TASK TO COMPLETE —
Find "YOOTg Schnell Erhitzendes", then copy its line and every later line of the entries exactly through the end, leaving all pictures out.

Stored items:
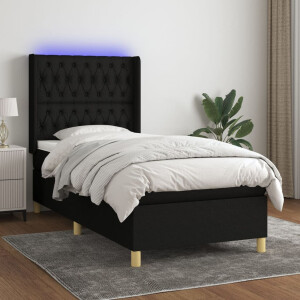 vidaXL Boxspring met matras en LED stof zwart 80x200 cm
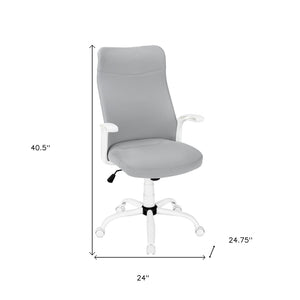 Homeroots Gray Rolling Drafting Chair – Stylish Comfort With White Wood Frame For Your Home Office Upgrade  Foam,Metal,Nylon,Plastic,Polyester 490405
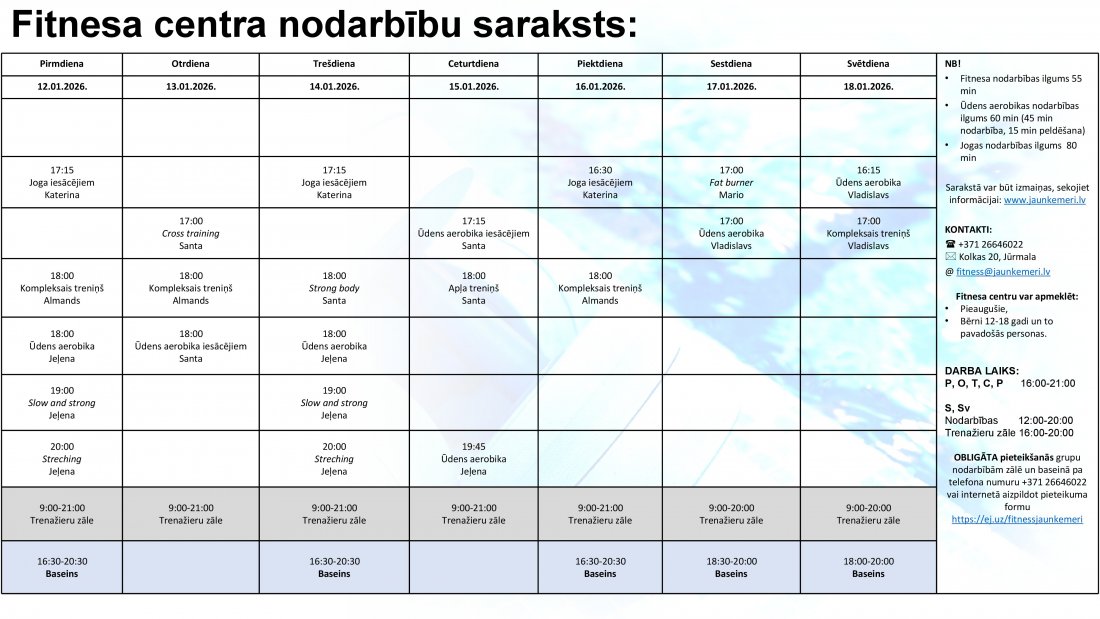 Nodarbību saraksts no 12.01.2026. līdz 18.01.2026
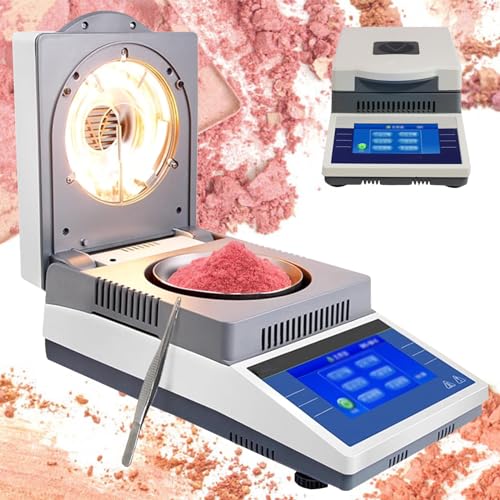 YOOTg Schnell Erhitzendes Digitales Feuchtigkeitsmessgerät, Labor-Halogen-Feuchtigkeitsmessgerät, Geeignet Für Pulver/Kräuter/Tee/Fleisch/Lebensmittel,DHS-20（110g/5mg） von YOOTg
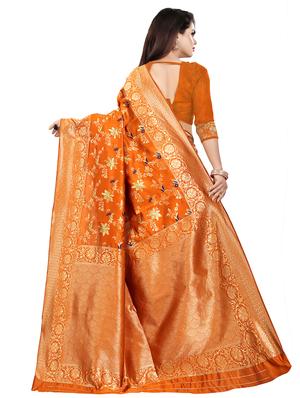floral banarasi saree with blouse - 16950854 - Standard Image - 2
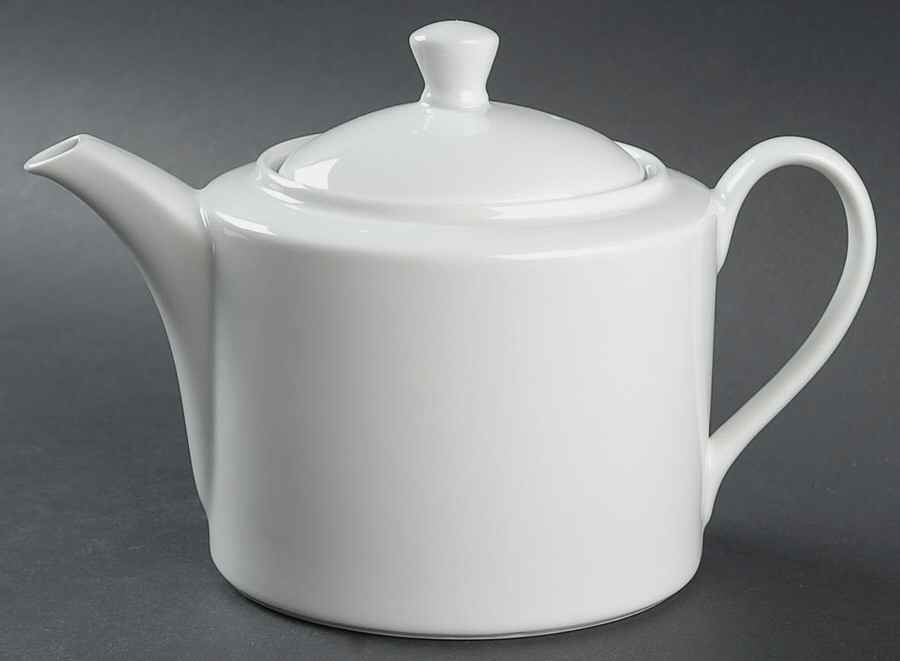 Classic White (Classic Shape) Teapot & Lid by Royal Worcester-1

FINAL ANSWER —
 YOOTg Schnell Erhitzendes Digitales Feuchtigkeitsmessgerät, Labor-Halogen-Feuchtigkeitsmessgerät, Geeignet Für Pulver/Kräuter/Tee/Fleisch/Lebensmittel,DHS-20（110g/5mg） von YOOTg
floral banarasi saree with blouse - 16950854 - Standard Image - 2
 Classic White (Classic Shape) Teapot & Lid by Royal Worcester-1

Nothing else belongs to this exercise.